# [INSTRUCTIONS FOR THE TASK]
Search the entries below for "سینیٹر عبدالقادر نے". Give that line and all the lines after it again, exactly, through the last, without pictures.

[Web page caption snippets]

>>>>

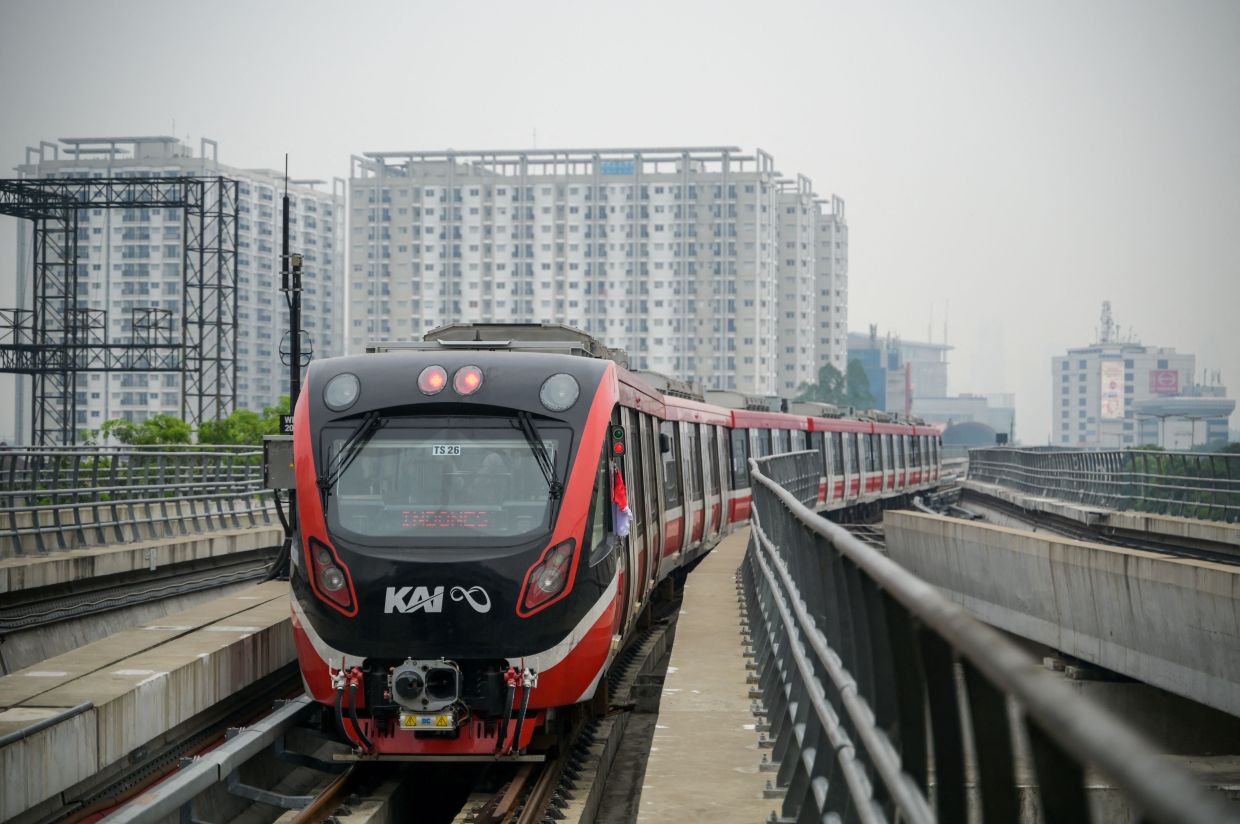 Newly Launched in Jakarta LRT Serves Over 30000 Daily Passengers indonesian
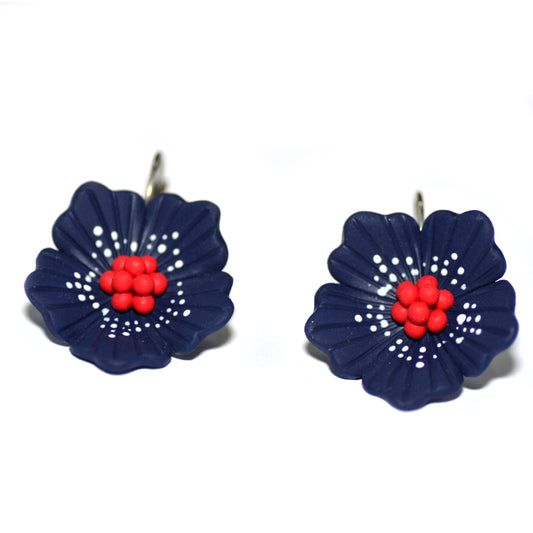 Λουλούδια σε μπλε μαρίν μικρά κρεμαστά με κόκκινο στο κέντρο και λευκές βουλίτσες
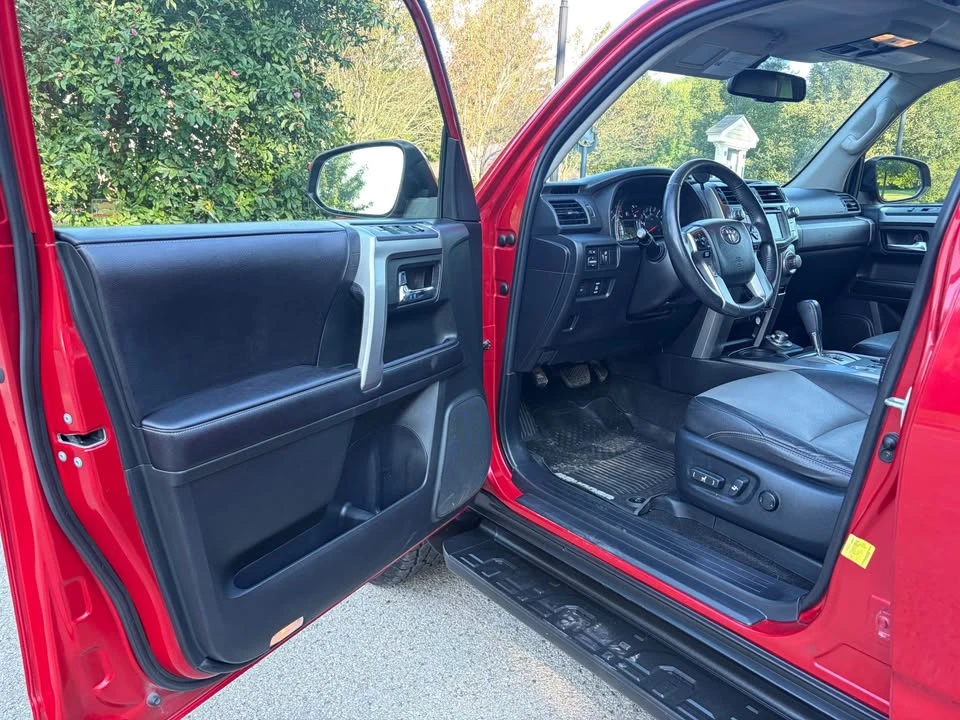 2017 Toyota 4Runner 5th Gen - Image 8 of 17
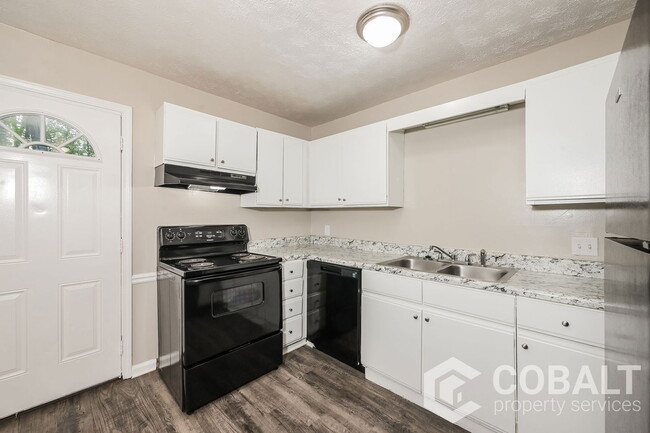 Building Photo - 3489 Creekview Pl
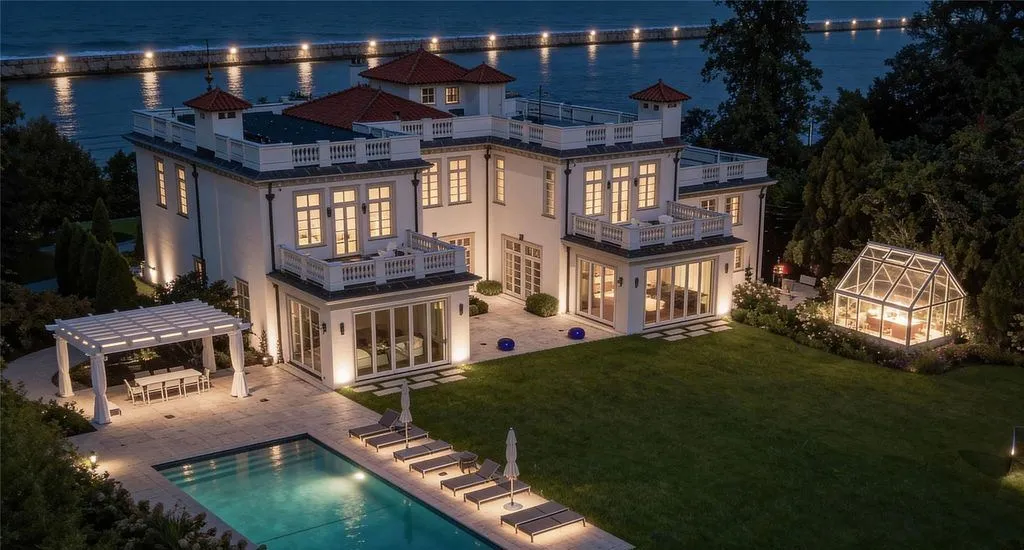 Thompson-Raissis–Designed New York Home With Breathtaking Water Views at $9.95 Million 28 106 Premium Point Breathtaking Water View Home 25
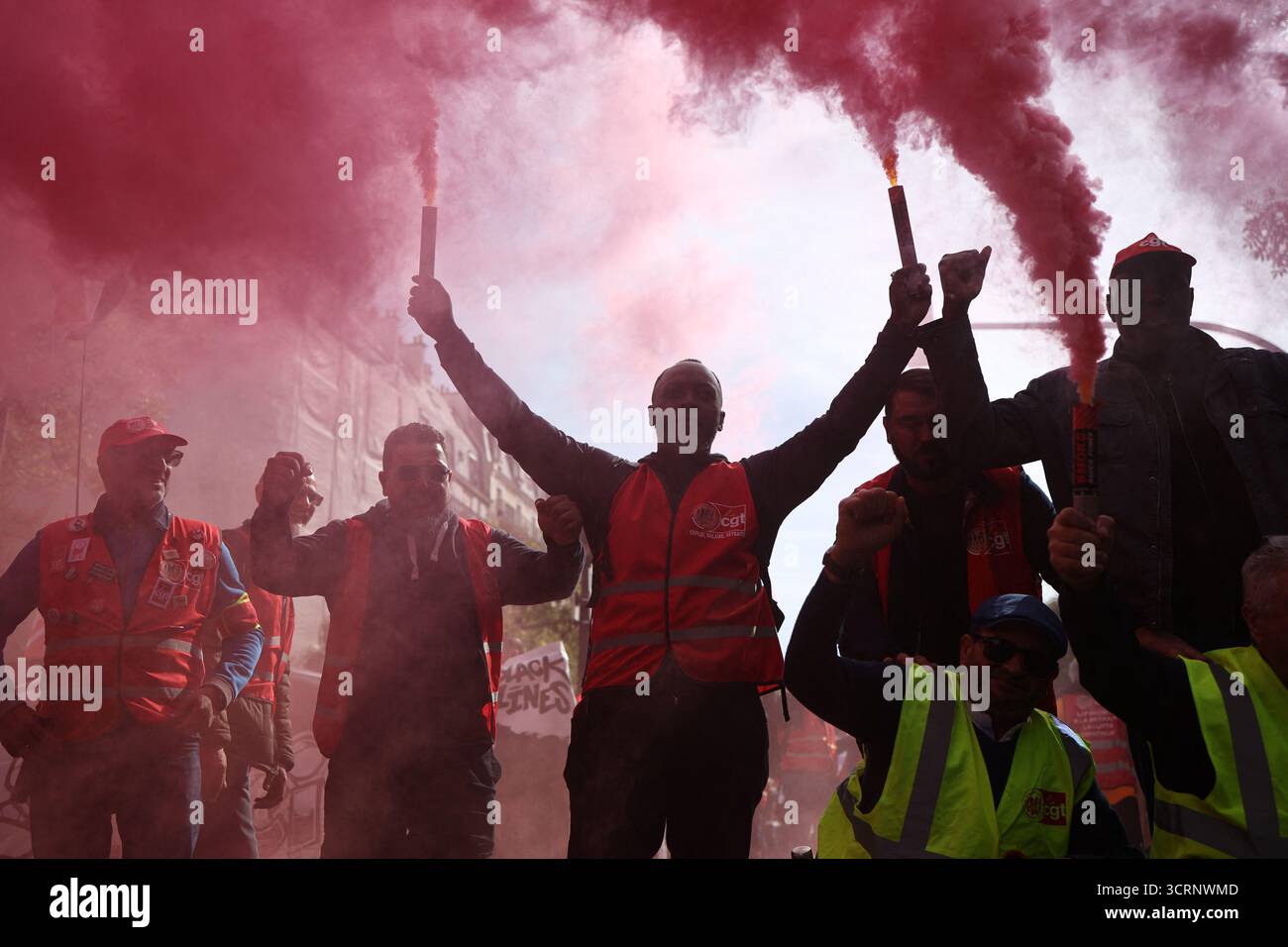 Paris, France. 02 octobre 2025. Manifestants lors d'une manifestation, à Paris, France, le 2 octobre 2025, lors d'une autre journée de grèves et de manifestations en France. Cette nouvelle journée d’action syndicale devrait être moins significative que le 18 septembre. Photo de Raphael Lafargue/ABACAPRESS.COM crédit : Abaca Press/Alamy Live News Banque D'Images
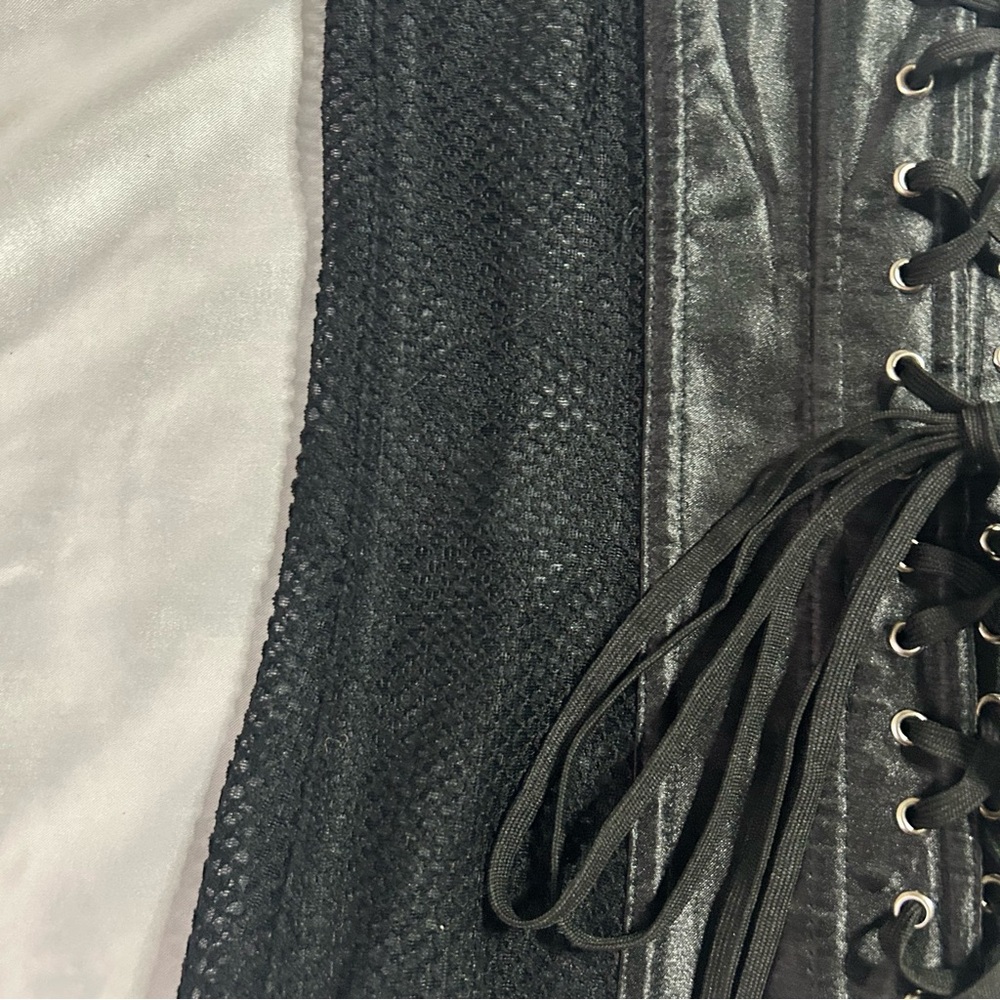 Mesh Corset - Picture 4 of 5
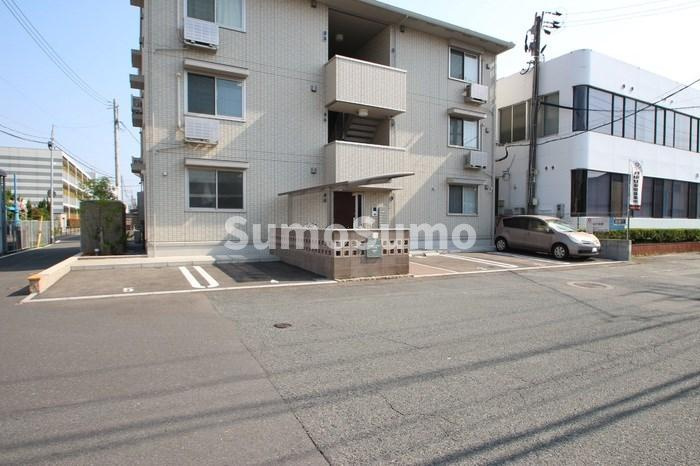 D-room筑紫通り　壱番館の駐車場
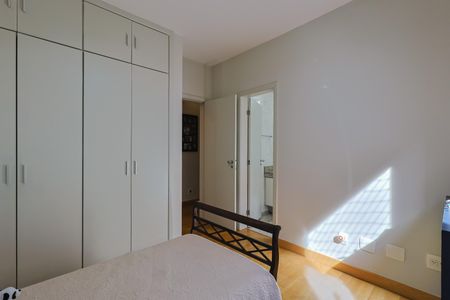 Apartamento à venda com 220m², 4 quartos e 3 vagasSuíte 2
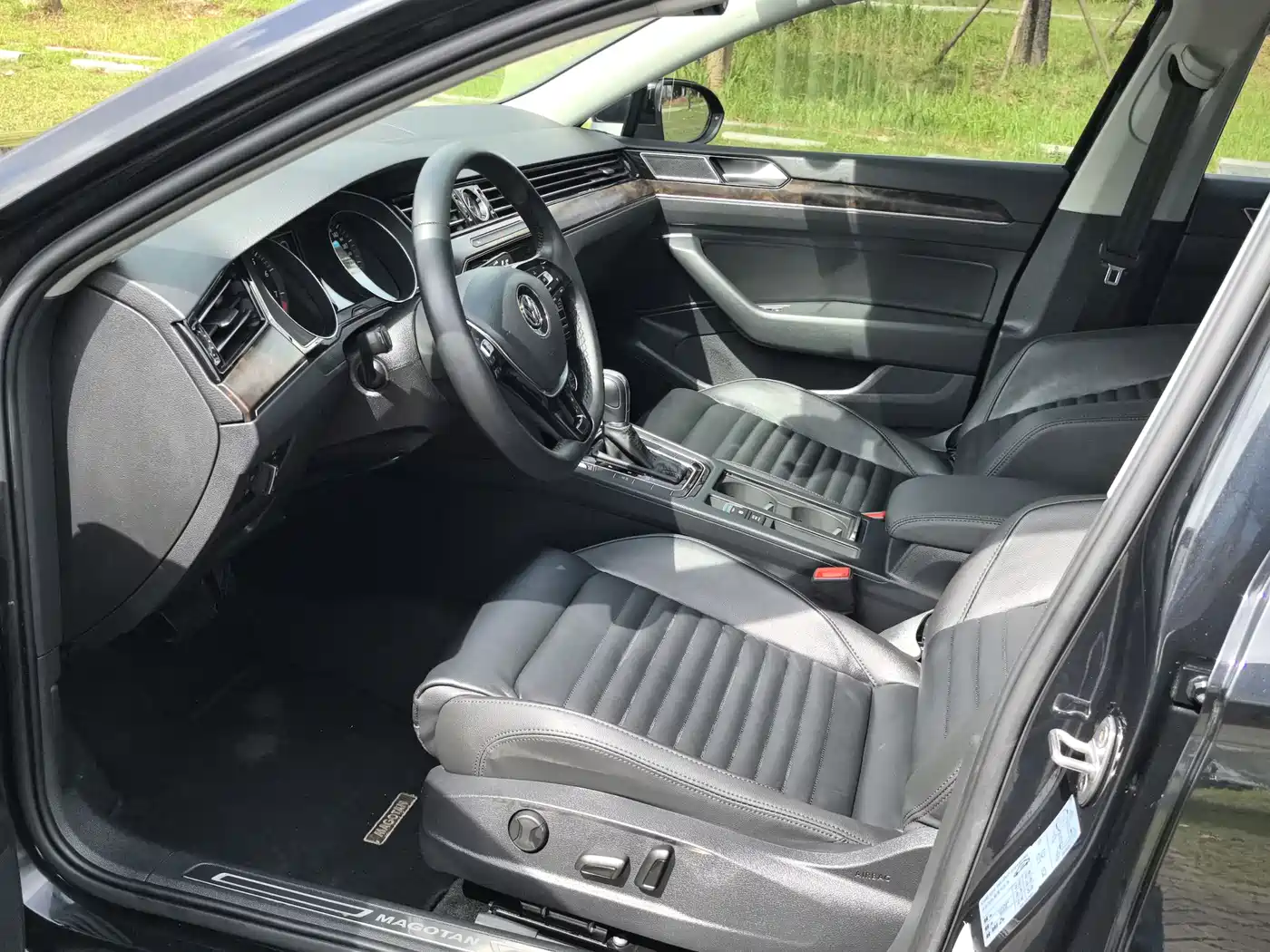 Volkswagen Magotan 2019 330TSI DSG Luxury Class China VI фото 11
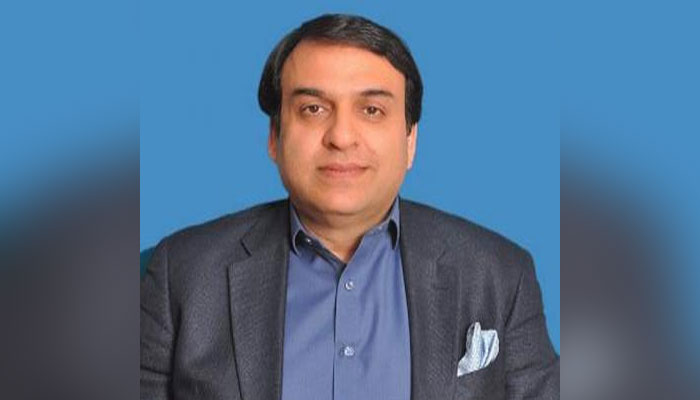 سینیٹر عبدالقادر نے پاکستان تحریک انصاف کو خیرباد کہہ دیا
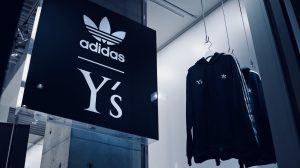 Y's表参道に「Y's 1972－Y's x adidas」プロジェクトのインスタレーションが登場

<<<<

# [ANSWER FOR THE TASK]
 سینیٹر عبدالقادر نے پاکستان تحریک انصاف کو خیرباد کہہ دیا
 Y's表参道に「Y's 1972－Y's x adidas」プロジェクトのインスタレーションが登場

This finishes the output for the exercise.